Both locations feature a market that sells ingredients and tools required to produce Italian cuisine at home, and it’s one the few places you can actually purchase imported semolina flour, rice and pasta. Naturally, if they sell the good stuff, they also use it in their restaurant kitchen.
And herein lies the key to the success of Cucina Paradiso and it’s better than respectable offering of Italian cuisine. Chef De Santis and his cooks use quality ingredients. The result, with a bit of elbow grease and technique in the kitchen, is some outstanding Italian food.
Italian restaurants fall into about four classes in Buenos Aires, the good, the average, the bad and the ugly. We don’t even waste our time issuing reviews for those last two groups. We leave that for consumer experts writing reviews on Yelp and Tripadvisor. The restaurants in the first group are ones that don’t cut corners, use only the best ingredients, have the basic knowledge required to cook Italian cuisine (which is hardly demanding) and won’t let something below standard leave the kitchen. We only know of two restaurants in Buenos Aires that we think fall into this category.
Cucina Paradiso is one of those. (The other is L’Adesso) There’s arguably now a third, CoRE, a fast-casual dining spot downtown (open weekdays only) offering authentic pasta dishes served up in paper bowls.
When I review an Italian restaurant I typically order two basic dishes. A risotto, a dried pasta dish like a spaghetti Bolognese, and a fresh pasta dish, usually a ravioli, sorrentino or a tagliatelle.

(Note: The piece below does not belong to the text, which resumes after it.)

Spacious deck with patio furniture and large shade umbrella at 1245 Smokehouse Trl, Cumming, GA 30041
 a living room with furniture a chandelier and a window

About 90% of the restaurants fail these simple tests. For the risotto, most use an inferior quality caranoli rice that is so bad it cannot produce an authentic, properly prepared risotto. Chef De Santis knows this, so he only uses imported caranoli in his risotto.
He also only uses imported semolina in his fresh pastas. He trains his chefs in the relatively simple technique of cooking a risotto and fabricating, cooking, and properly draining pasta.
We tried the grilled veggie antipasto plate. A bit dry, but acceptable. I hope to sample some more appetizers soon and will update this review.
The mushroom risotto was one of only two properly prepared risottos I’ve had in Buenos Aires. Delicious. I’ve also had the Celentani al Torchio. I note that the pasta I was served was not a cellentani noodle (which is a twisted tubular pasta), but rather a twisted-ribbon pasta like a Fusilli Avellinesi or a Boccoli noodle, only longer. But who’s noodle counting? Yum. Real porcini mushrooms!
Those seeking to eliminate wheat gluten from their diet can request the dry, packaged variety, which is also egg free, and would therefore, be appropriate for vegans with a simple Pomodoro sauce.
I, in fact, had the spaghetti absent wheat gluten with the Bolognese sauce. With that superior sauce, it’s a better option than fresh pasta dishes at most restaurants in the city.
The pesto sauce, which you could request on any of the fresh pastas, is sublime. I had it with the tagliatelle pasta. Excellent pasta! Excellent pesto!
Simply stated, the pasta, risottos, antipasto and other Italian dishes served at Cucina Paradiso are well-executed and about as close to authentic as you can find in Buenos Aires. The service is much better than average. Although the two locations have very different personalities, both are clean and pleasant.
Bottom line, for ultra-casual Italian cuisine, Cucina Paradiso is about as good as it gets in the big city.